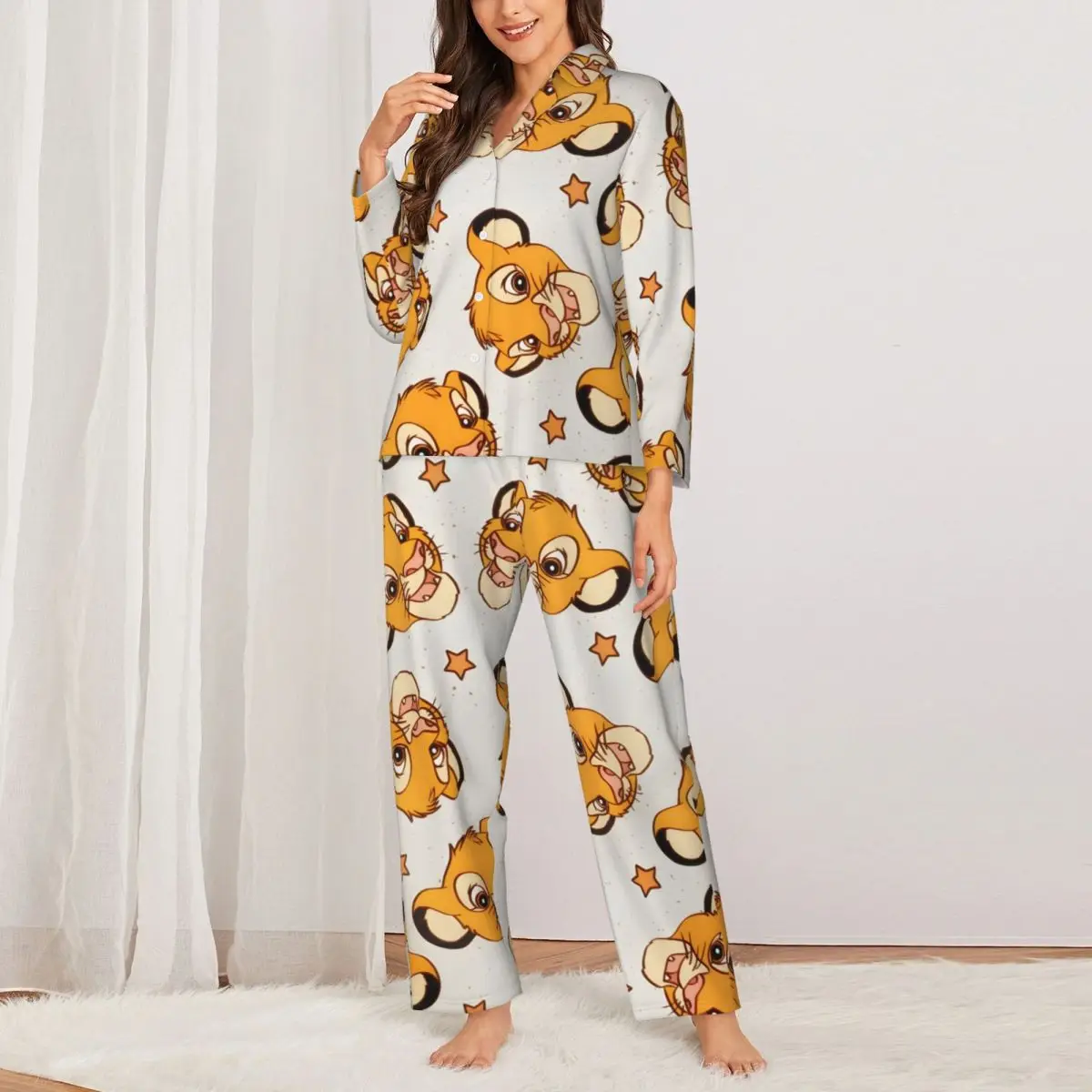 The-Lion-King Women's Pajamas Set Button Down Pajama 2 Piece Suit Pyjama Femme Nightwear Loungewear 3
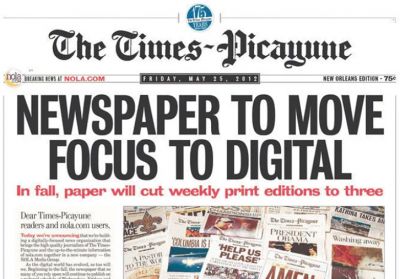 Twelve years ago, Kevin found himself involved in keeping a daily newspaper in New Orleans. He feels like a lot of folks have forgotten the lessons learned back then.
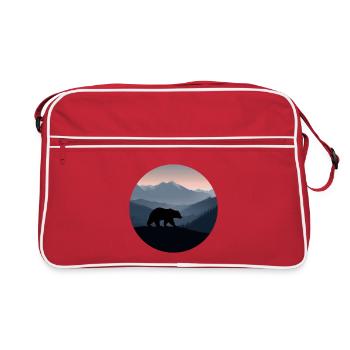 bear, bear logo, landscape - Retro Bag - red/white - Front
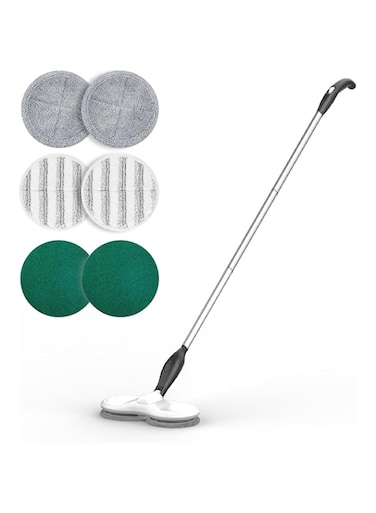 Cordless Electric Mop, Dual Spin Mopper Motorised Electric Mops for Floor Cleaning, Hardwood Tile Laminate Floor Daily Light Cleaning (No Water Tank)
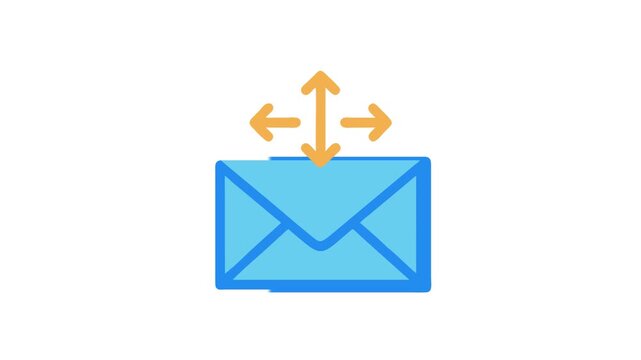 Outgoing email with multiple directions on White Background illustration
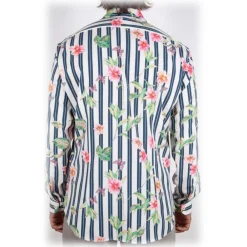 Poggianti 1958 Shirts-Poggianti 1985 - Striped Shirt with Floral Pattern Soft Collar - Handmade in Italy - New Luxury Exclusive Collection - Avvenice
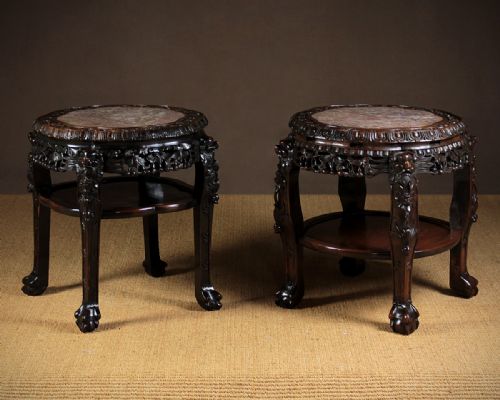 19th.c. Chinese Marble Top Carved Rosewood Urn Stands C.1890.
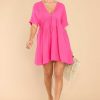 Clothing Red Dress Mini Dresses | Another Day With You Dress Hot Pink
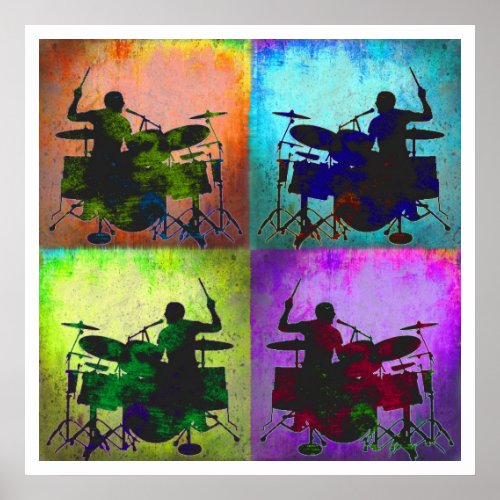 Drummer Pop art Copyright Karen J Williams Poster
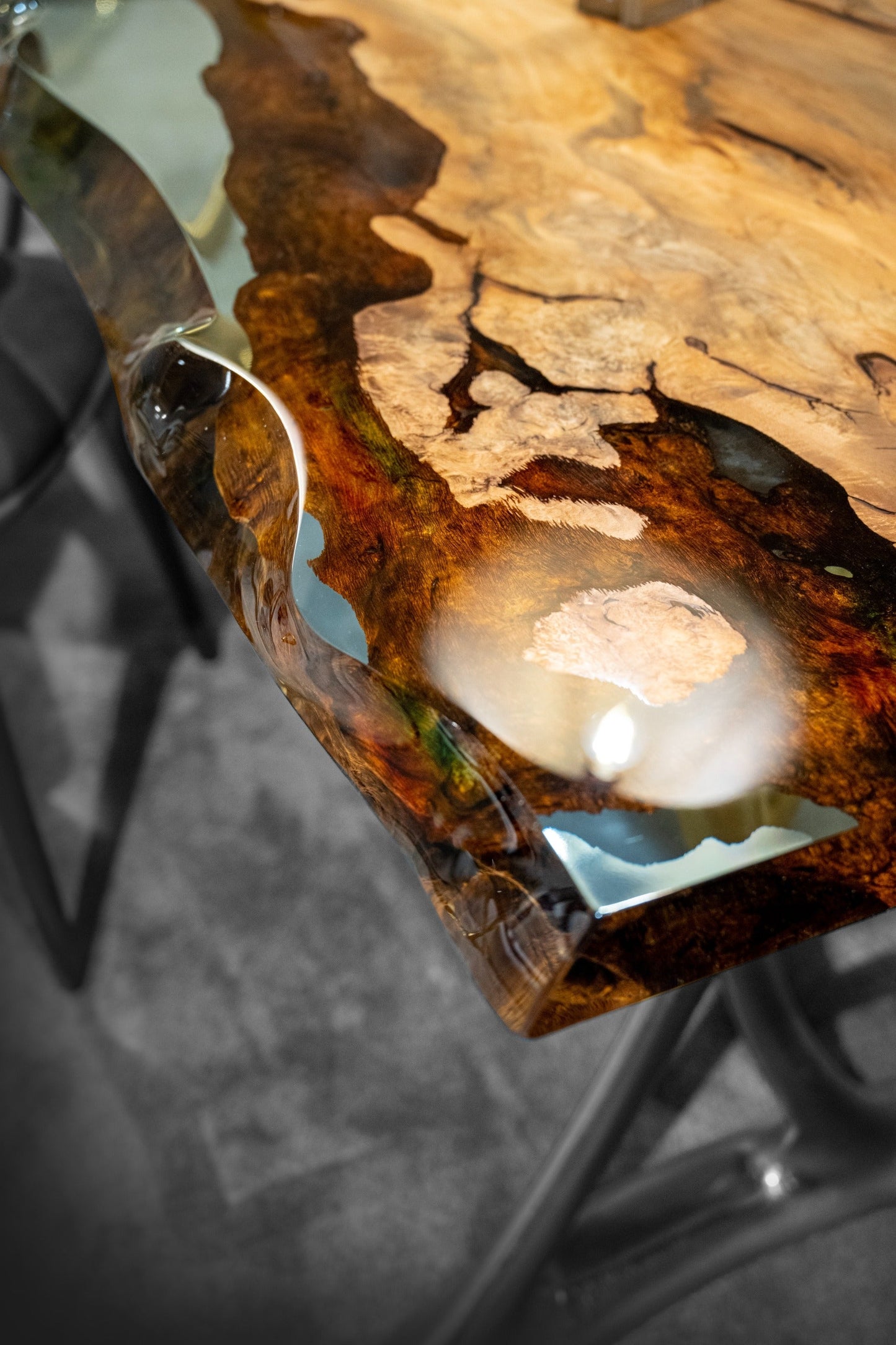 Resin Live Edge Console Table | Linden Wood | Foyer | Entryway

········

**TASK STATEMENT**
Every line above is to be reproduced verbatim, and the pictures are to be omitted.

**WRITTEN ANSWER**
 The-Lion-King Women's Pajamas Set Button Down Pajama 2 Piece Suit Pyjama Femme Nightwear Loungewear 3
 Twelve years ago, Kevin found himself involved in keeping a daily newspaper in New Orleans. He feels like a lot of folks have forgotten the lessons learned back then.
 bear, bear logo, landscape - Retro Bag - red/white - Front
 Cordless Electric Mop, Dual Spin Mopper Motorised Electric Mops for Floor Cleaning, Hardwood Tile Laminate Floor Daily Light Cleaning (No Water Tank)
 Outgoing email with multiple directions on White Background illustration
 Poggianti 1958 Shirts-Poggianti 1985 - Striped Shirt with Floral Pattern Soft Collar - Handmade in Italy - New Luxury Exclusive Collection - Avvenice
 19th.c. Chinese Marble Top Carved Rosewood Urn Stands C.1890.
 Clothing Red Dress Mini Dresses | Another Day With You Dress Hot Pink
 Drummer Pop art Copyright Karen J Williams Poster
 Resin Live Edge Console Table | Linden Wood | Foyer | Entryway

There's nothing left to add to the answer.